• The data
_ _ _ _ _
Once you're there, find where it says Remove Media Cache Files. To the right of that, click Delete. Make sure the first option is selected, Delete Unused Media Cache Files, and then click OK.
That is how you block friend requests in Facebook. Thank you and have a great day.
_ _ _ _ _
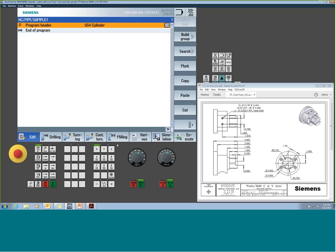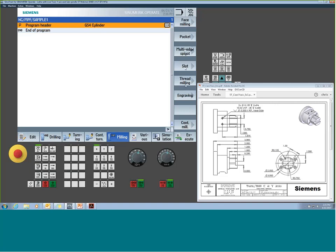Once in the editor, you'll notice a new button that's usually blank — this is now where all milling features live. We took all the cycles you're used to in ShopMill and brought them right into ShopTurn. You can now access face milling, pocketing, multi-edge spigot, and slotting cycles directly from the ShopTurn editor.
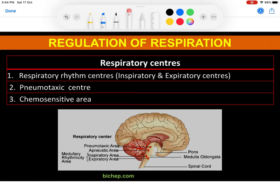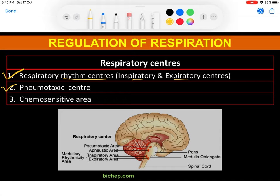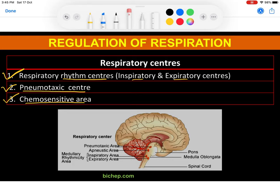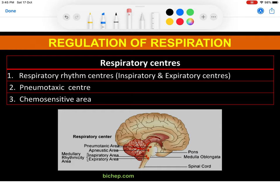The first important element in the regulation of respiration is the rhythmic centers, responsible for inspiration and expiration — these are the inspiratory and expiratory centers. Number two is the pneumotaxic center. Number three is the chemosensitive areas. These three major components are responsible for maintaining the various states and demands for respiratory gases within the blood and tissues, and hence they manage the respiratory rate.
_ _ _ _ _
• Exercise requirements
From the line containing "Once you're there, find" down to the line containing "That is how" in the material above, reproduce every line exactly, including the two end lines.

• Answer section
Once you're there, find where it says Remove Media Cache Files. To the right of that, click Delete. Make sure the first option is selected, Delete Unused Media Cache Files, and then click OK.
That is how you block friend requests in Facebook. Thank you and have a great day.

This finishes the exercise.